Power of the school photograph is stronger than we might realise

This week saw one of the most important, hotly-anticipated and celebrated days in the school calendar take place in my Sheffield school – and it had nothing to do with exams, results or data!

Wednesday, 9th October 2019, 9:41 am
Updated Wednesday, 6th November 2019, 3:01 pm
School photographs have changed since this image was taken at High Green in 1956

While teachers may put most of their work time into prepping for SATs and GCSEs, the kids have a very different set of priorities, and for some it doesn’t come any bigger than school photo day! As well as being a decent earner for the school and photography companies, school photo day creates a hype amongst children of all ages in school, from reception right through to Year 11. It creates a buzz at home, starting with the preparations in the morning and culminating in the moment the order form with the sample picture is taken out of the bag.

I can remember when my eldest was in pre-school and we had a rushed morning, only just getting to the classroom in time and completely forgetting about it being school photograph day. We shared a ‘what have we done’ look between ourselves before they went through the door, hair a little dishevelled and probably a few crumbs of toast spilling down their jumper as well.

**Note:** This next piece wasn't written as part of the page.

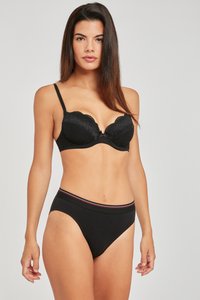 Sostenedor negro de encaje con aros y bordes festoneados, adornado con un pequeño lazo en el centro; conjunto de braguitas negras a juego con una cintura a rayas roja y blanca.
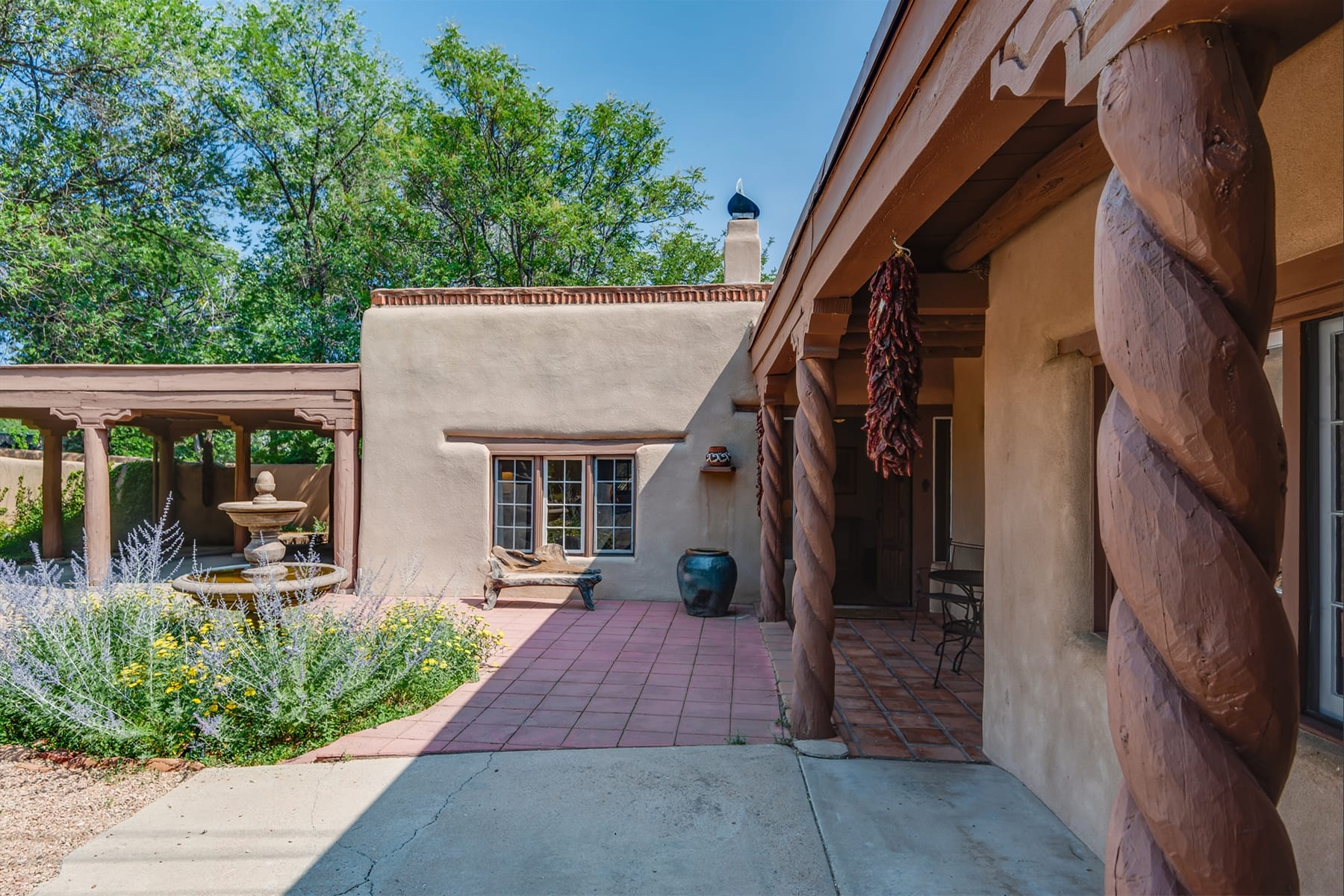 Adobe house with courtyard fountain.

They looked completely at odds next to the girls who had had their hair done by caring mums and the boys who had sported gelled-up quiffs for the first time. That picture is still around on the back of some shelf in the house, a haunting reminder of why you should check the calendar regularly. Lower down the school, photo day is all about mums and dads sending their little darlings to school all neat and tidy; I’ve even seen parents practising a nice smile ready for the click of the camera.

When you get into secondary, fashion-conscience teenagers take responsibility for the pose themselves. They know, you see. They know that this picture is going to be on the wall of their house for the next year, they know that it’s probably going to do the rounds at Christmas and get given to grandmas and great-aunts, and they know that the school’s computer system has this image of them on file for the next 12 months. Sixth Form students even have to carry the image around with them on a lanyard. So preparation for school photo day from some of the kids – in Year 9 especially, I’ve noticed - is off the charts.

They are, of course, restricted in what they can do; school uniform has to be worn and a nice sideways pose is usually the order of the day. They’re not able to wear the latest designer gear, give the two-fingered peace sign and pout into the camera like they do with their mates. Attention is paid to hair, though, and many will be up early tackling make-up to make sure this photo is going to be something special. What is a small part of the day for their teachers is a big deal for the youngsters and it’s lovely to see so many of them taking it seriously and having pride in their photos.

I was also heartened to see school photographs being the focus of an imaginative piece of art on display across London. Oscar-winning director Steve McQueen has embarked on an epic photo shoot of Year 3 classes across the city and 600 of them are now on billboards. It may come across as a slightly weird idea at first, but there are many inspirational and thought-provoking aspects to individual and class photographs.

They encourage us to reflect on change, the way that we as a society have developed in the years between our own class photographs and the ones our children have this term. It’s also about hope. A school photograph shows the adults of tomorrow as they embark on their journey through life.

In decades to come, they will look back on the young people captured in these images and ask whether the hopes and dreams they had were realised, whether their aims to help the environment amounted to anything, whether this Brexit was a good idea. One click, and these precious moments are frozen in time, to be smiled at, laughed about and cried over in the years to come.

The power of the school photograph is far stronger than most of us realise.